Quel dovere è stato interpretato anche alla luce degli standard internazionali non vincolanti (soft law) che incoraggiano le imprese ad adottare misure volte a prevenire gli impatti negativi sull’ambiente, come le linee guida Ocse sulla condotta responsabile di imprese e i principi guida delle Nazioni Unite sulle imprese e i diritti umani (UNGPs).


Gli attori principali del mercato dei combustibili fossili dovranno, pertanto, tenere in debita considerazione tale responsabilità nella loro strategia.

Gli sviluppi normativi e l’obbligo giuridico delle imprese di ridurre le emissioni di CO2

Risulta interessante esaminare il quadronormativo evidenziato dalla Corte che, pur riconoscendo l’importanza di tali diritti, ha ribaltato la sentenza di primo grado a favore di Shell.


Più precisamente, la Corte ha analizzato la legislazione dell’Ue introdotta nell’ambito del Green Deal europeo e del pacchetto Fit for 55, concentrandosi sulle varie norme che incidono sulla responsabilità delle imprese rispetto alla tutela dell’ambiente adottate a seguito della sentenza del 2021 (EU ETS, Corporate Sustainability Reporting Directive “Csrd”). In particolare, la Corte cita la direttiva sul dovere di diligenza ai fini della sostenibilità (la cosiddetta Csddd), che obbliga le imprese a predisporre un piano di transizione per la mitigazione dei cambiamenti climatici, garantendo che la strategia aziendale sia compatibile con l’obiettivo di limitare il riscaldamento globale a 1,5 gradi, in linea con l’Accordo di Parigi, senza imporre un target di riduzione specifico.


La Corte rileva che la conformità alle norme non esime le imprese da responsabilità ulteriori sulla base del “dovere di condotta socialmente accettato” che impone agli operatori del mercato di adoperarsi nella definizione della loro strategia per la riduzione delle emissioni. Nel nostro caso, la Corte ha preso atto dell’inesistenza di un target specifico di riduzione scientificamente accettato. Sottolinea, infatti, che la pluralità di opinioni della comunità scientifica dimostra che oggi non esiste un consenso scientifico consolidato riguardo a una percentuale di riduzione minima da imporre a un’impresa come Shell. Inoltre, chiarisce che la misura del 45 per cento entro il 2030 è un obiettivo da raggiungere a livello globale, un target che non considera le caratteristiche delle singole imprese e le specificità settoriali. 
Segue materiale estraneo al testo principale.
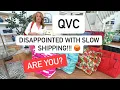 Why is QVC s shipping so SLOW Why do we keep buying from them Upset with QVC s Slow Shipping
In base a tali presupposti, la Corte ribadisce l’obbligo di Shell di contribuire in modo appropriato agli obiettivi dell’Accordo di Parigi, ma il mancato consenso scientifico e il silenzio delle norme sul clima escludono la possibilità di individuare una percentuale di riduzione specifica come obiettivo per le singole imprese.

Ricadute sui contenziosi climatici

La sentenza, seppur nei contenuti parzialmente favorevole a Shell, rappresenta un ulteriore segnale d’allerta per le imprese che operano nel settore.


In particolare, a nostro avviso, la sentenza rappresenta un precedente significativo per il futuro del contenzioso climatico. Il messaggio della Corte di appello è chiaro: le imprese non possono limitarsi solo a seguire le leggi nazionali vigenti, ma devono agire anche autonomamente per ridurre le proprie emissioni di gas serra. Quest’obbligo è imposto a Shell sulla base del codice civile olandese – che prevede un dovere di diligenza non scritto, una caratteristica non comune a tutti gli ordinamenti. Molti stati prevedono però norme sulla responsabilità extracontrattuale applicabili in contenziosi simili. Tuttavia, come indicato dalla stessa Corte, il compito di individuare target di riduzione specifici e imporre obblighi più puntuali alle imprese spetta al legislatore.